In an interview at the site, Hammond said volunteering for Habitat is part of the commitment Edmonton religious leaders made over a year ago to support the City of Edmonton's 10 Year Plan to End Homelessness.

One portion of the commitment – to provide companionship and support to newly-housed people – is being organized by Catholic Social Services through the Welcome Home program.

"The other piece (of the faith leaders' commitment) was to support the building of actual housing for low-income and homeless people," Hammond said. "That's why over the course of the month the archbishop sent 20 staffers from the archdiocese to participate in this housing project."

In the interview, Hammond challenged all the Catholic parishes in the archdiocese to organize teams of people to come out and help out Habitat for Humanity in this and other projects.
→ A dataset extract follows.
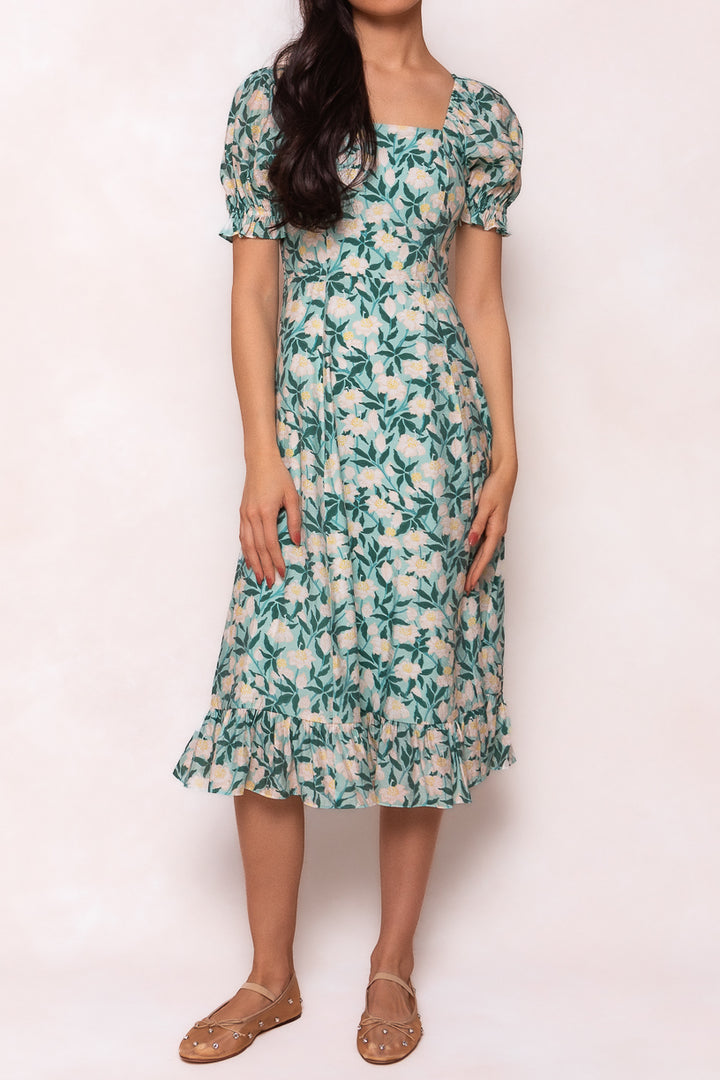 Tamara Dress in Green Floral - FINAL SALE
All families that are moving into the housing complex at 41st Street and 123rd Avenue are hard-working families with kids, noted Mercier. "They have full-time jobs, but their income is not high enough for them to qualify for a mortgage or to save up for a down payment."

Julien Hammond

Julien Hammond

These families now own their homes and will be building equity rather than paying rent to a landlord. Each qualifying family has to work for 500 hours to help build their home "and that's their down payment," Mercier explained.

"Once they move in they'll have an interest-free mortgage," he added. Mortgage payments are never more than 25 per cent of a family's income.
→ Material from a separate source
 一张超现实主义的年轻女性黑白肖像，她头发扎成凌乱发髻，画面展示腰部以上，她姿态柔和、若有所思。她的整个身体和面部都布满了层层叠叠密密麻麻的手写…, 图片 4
Owning a house has a tremendous transformative effect on people's lives, especially the lives of their children, Mercier said. "They are proud of having their own place and the kids now can have friends for a sleepover."

Dianne Pelletier, a young single mother of one, moved into a three-bedroom unit March 14 last year. She was working in a house along with Catholic volunteers March 29 to complete her 500 hours.
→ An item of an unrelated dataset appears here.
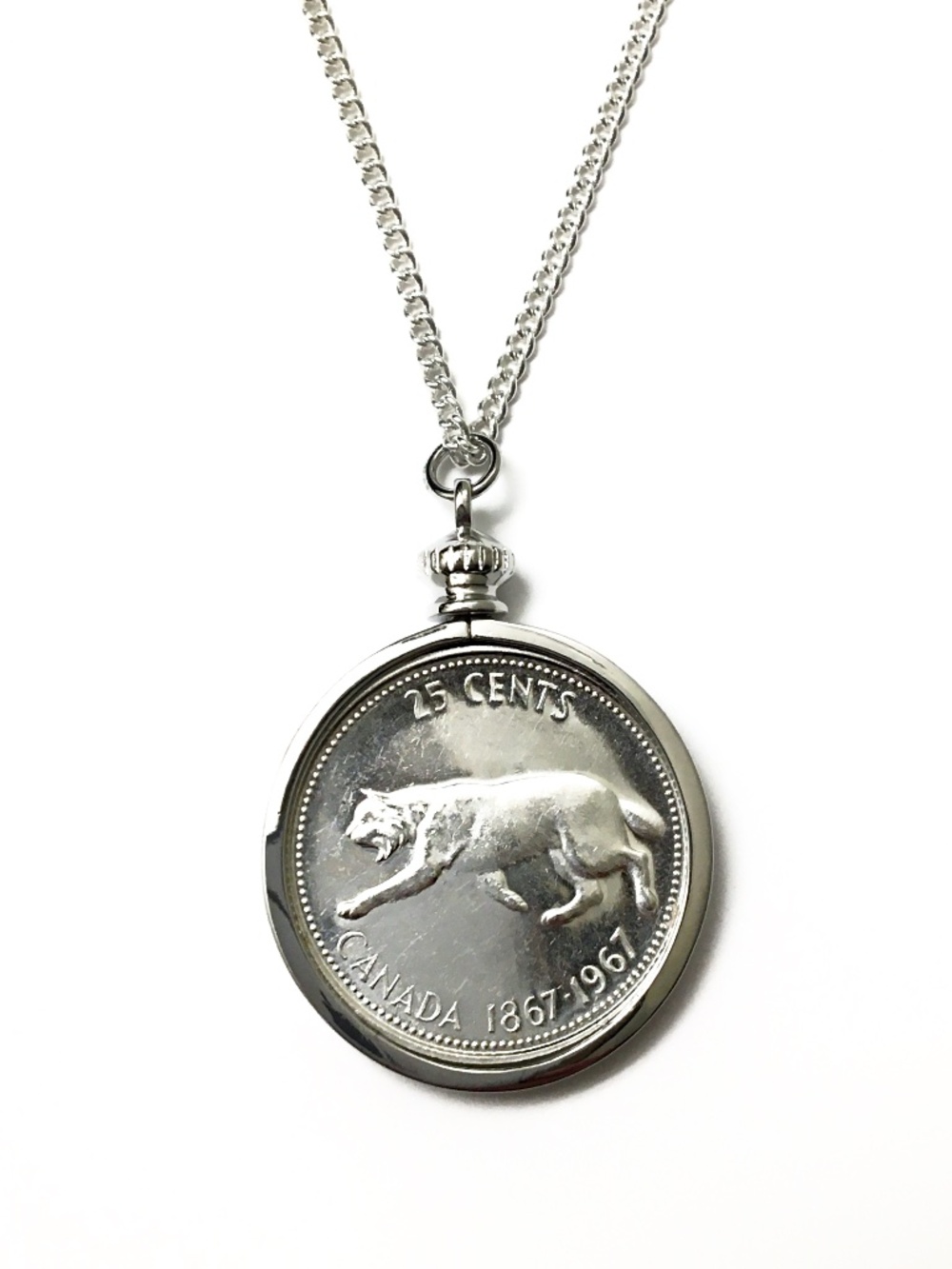 Vintage 1967 Silver “Bobcat” Necklace, 18-inch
"It's very relieving to know I'm not wasting my money on rent and to know that I am actually accomplishing something in my life," she said.

"I'm very appreciative toward all the volunteers who make this possible. It's a great opportunity for people such as myself to own a home and have a good opportunity in life."

Habitat for Humanity believes everybody has a right to a safe, affordable and decent place to live, a principle that is supported by the United Nations Declaration on Human Rights. More than 500 families applied for housing through Habitat last year.

"We are always taking applications because we are going to be building in south Edmonton next year and we are currently building in St. Albert, Fort Saskatchewan, Sherwood Park, Leduc, Spruce Grove, Edson, Hinton and Whitecourt," Mercier said.

Sister Mary Clare Stack, manager of parish relations with Catholic Social Services, was at the site with other members of the parish relations' team putting insulation into some of the houses.

Her reason for volunteering is that support for the city's 10-year plan to end homelessness has to go beyond words. "Basically what we are saying is if we are supporting (the plan) we have to support it with some good sweat equity on our part; not just talk about it but do something concrete."


Stack said workshops are currently being offered for the faith community to look at the reality of homelessness and affordable housing and the various options in which they could become engaged. One workshop will be held June 14 at St. Alphonsus Church for interfaith communities in the northeast quadrant of the city.

Jacqueline Bass, coordinator of the Welcome Home program at CSS, was hard at work in the basement of one of the houses.

"I'm here because I want to help build a healthy community," she said. "I know how important it is for young families to have healthy environments and a home to live in that is decent for children."

Claire Rolheiser, another member of the Welcome Home team, volunteered because Habitat is an amazing organization and she is inspired by the work that they do. "I think everyone deserves a home and I'm happy to be part of it."

Doreen Bloos, dean of students at Newman Theological College, said she decided to volunteer because she has always being interested in the work of Habitat and in social justice issues.

"It's a good opportunity to participate," Bloos said of the Interfaith Build. "And the work is not that hard."